Saturday, September 27, 2025

Covenant Keepers - Jeremiah 35

In Job 1:8, “The Lord said to Satan, ‘Have you considered My servant Job, that there is none like him on the earth, a blameless and upright man, one who fears God and shuns evil?’”

In Jeremiah 35, the Lord wants to showcase the faith of the Recabites.

In the previous chapter, King Zedekiah and the slave owners of Jerusalem made a solemn covenant in the house of the Lord to emancipate their slaves. They passed through the parts of an animal cut in two, implying that they wished to be cut asunder if they broke the covenant that they made in God’s house. Even so, soon after releasing their slaves, they broke that covenant by enslaving them once again. [JFBC]

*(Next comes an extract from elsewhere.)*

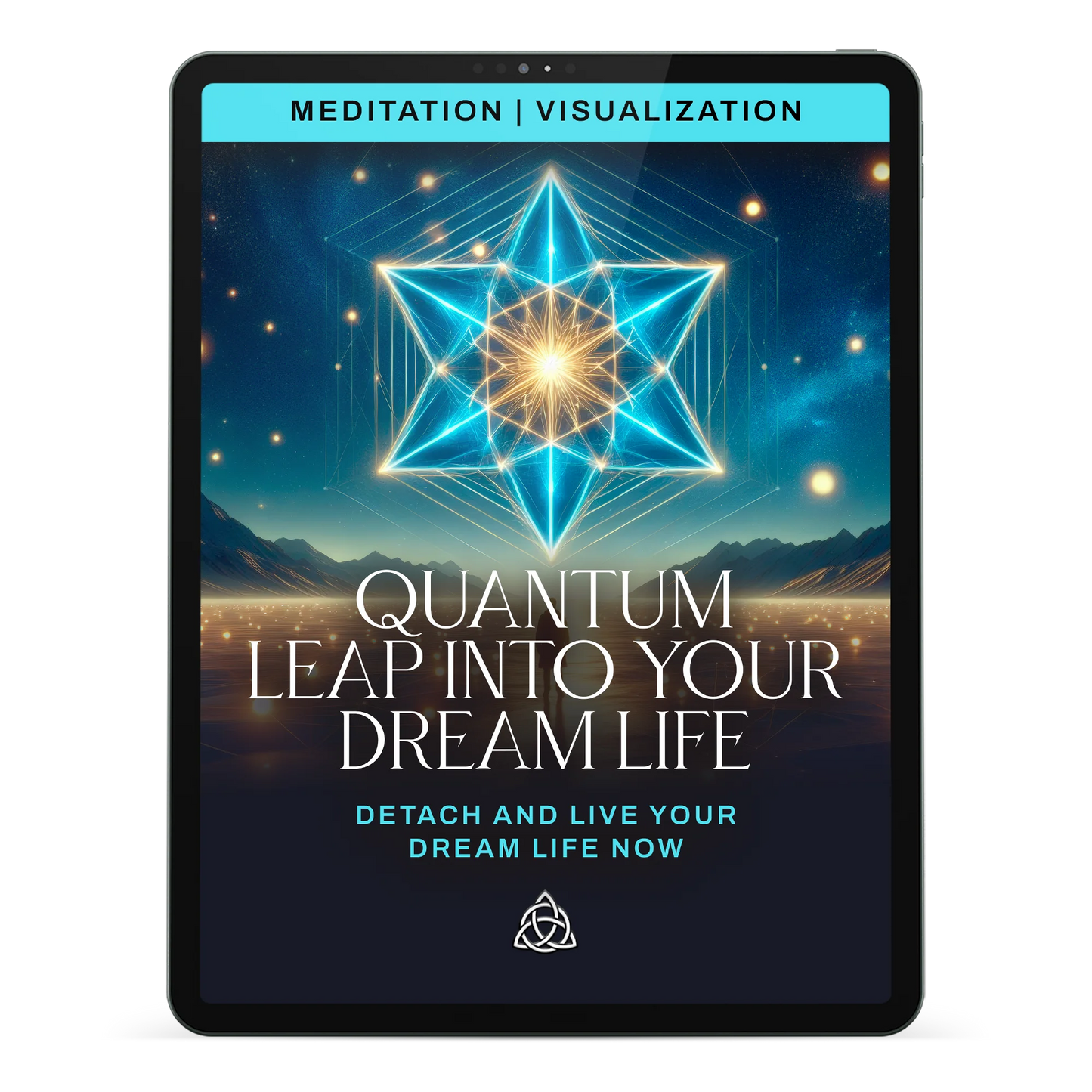 The Complete Meditation Bundle (+3 BONUS MEDITATIONS) - $99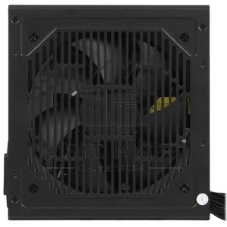 Блок питания KingPrice SFX 400W KPPSU400 (20+4pin) PPFC 80мм fan 3xSATA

The Recabites kept a covenant for more than 200 years. Jonadab son of Recab was one of the 7,000 in Israel who did not bow the knee to Baal during the days of Elijah. Jonadab was with Jehu in 842 BC when he slew evil king Ahab and his entire family. [1]

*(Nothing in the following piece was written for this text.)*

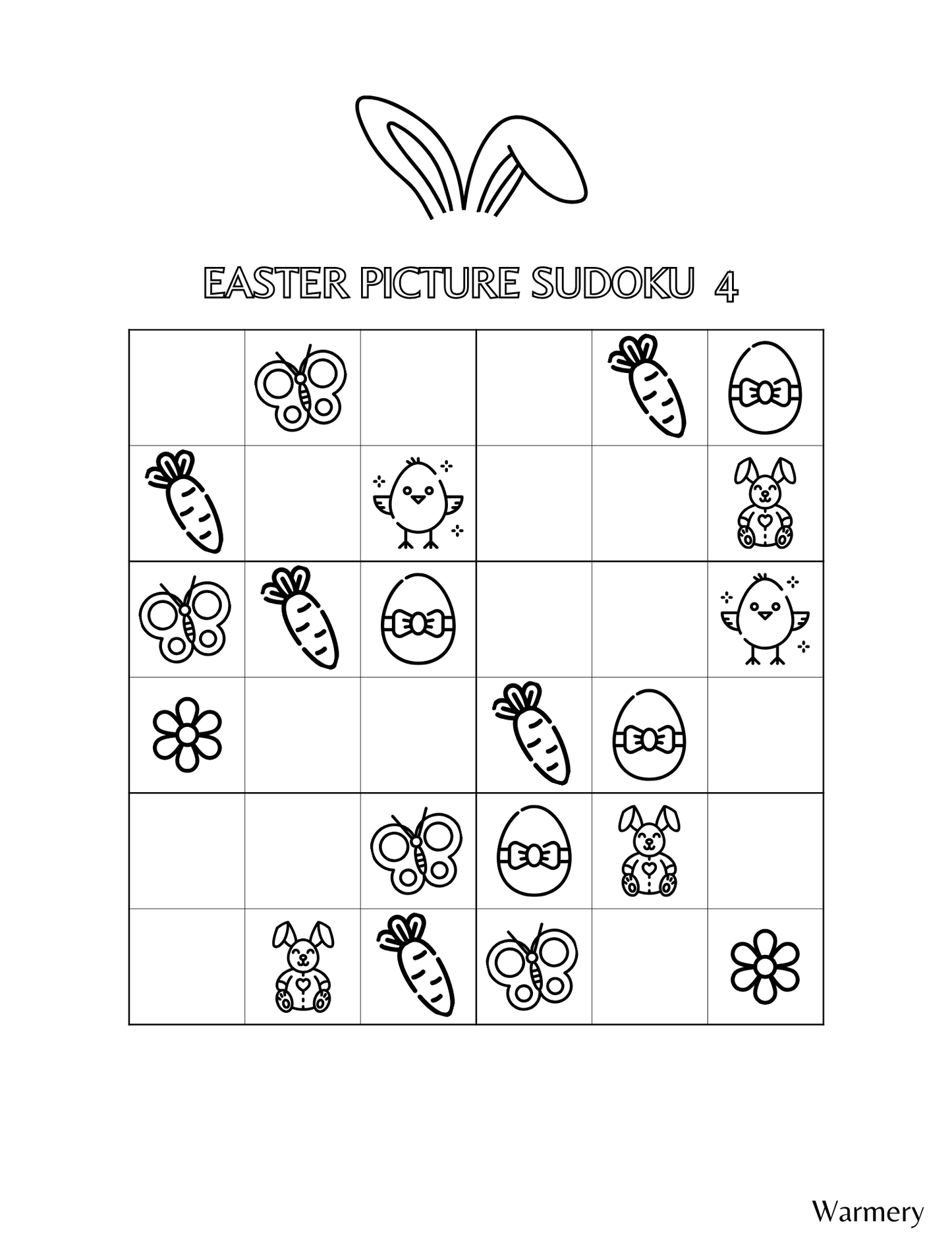 Easter_Sudoku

“The Word which came to Jeremiah from the Lord in the days of Jehoiakim the son of Josiah, king of Judah, saying, ‘Go to the house of the Rechabites, speak to them, and bring them into the house of the Lord, into one of the chambers, and give them wine to drink.’” Jeremiah 35:1-2

Jeremiah finally got a break from speaking to non-compliant people, or so it seemed. The Lord sent him to the Rechabite clan. His mission was to invite them to God’s house for some wine. He gave them cups of wine, and then said, “Drink.” Guess what? They refused to comply.

Jeremiah wanted his fellow priests to see this...

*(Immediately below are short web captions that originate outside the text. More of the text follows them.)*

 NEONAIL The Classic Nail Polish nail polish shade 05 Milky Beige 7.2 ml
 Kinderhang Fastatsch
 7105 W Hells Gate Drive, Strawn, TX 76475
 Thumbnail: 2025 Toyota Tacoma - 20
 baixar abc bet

“Then I took Jaazaniah the son of Jeremiah, the son of Habazziniah, his brothers and all his sons, and the whole house of the Rechabites, and I brought them into the house of the Lord, into the chamber of the sons of Hanan the son of Igdaliah, a man of God, which was by the chamber of the princes, above the chamber of Maaseiah the son of Shallum, the keeper of the door.” Jeremiah 35:3-4

Jeremiah led a priestly group of brothers, their sons and the Rechabites into a room inside the Lord’s house. Perhaps, a large group of men!

Incidentally, Maaseiah was Jeremiah’s uncle. His father’s brother! Shallum was Jeremiah’s grandfather and the husband of Huldah the prophetess. See 2 Kings 22:14, 1 Chronicles 6:13, 9:11; 2 Chronicles 34:8 for more details.

“Then I set before the sons of the house of the Rechabites bowls full of wine, and cups; and I said to them, ‘Drink wine.’ But they said, ‘We will drink no wine, for Jonadab the son of Rechab, our father, commanded us, saying, you shall drink no wine, you nor your sons, forever.’” Jeremiah 35:5-6

Wow, ample wine! Cups and bowls full! A nice gesture from the host! A crowd of witnesses watching! How did the Rechabites respond? They said, “We will drink no wine.” Why? They wanted to be faithful to a covenant that their forefathers kept for over 200 years.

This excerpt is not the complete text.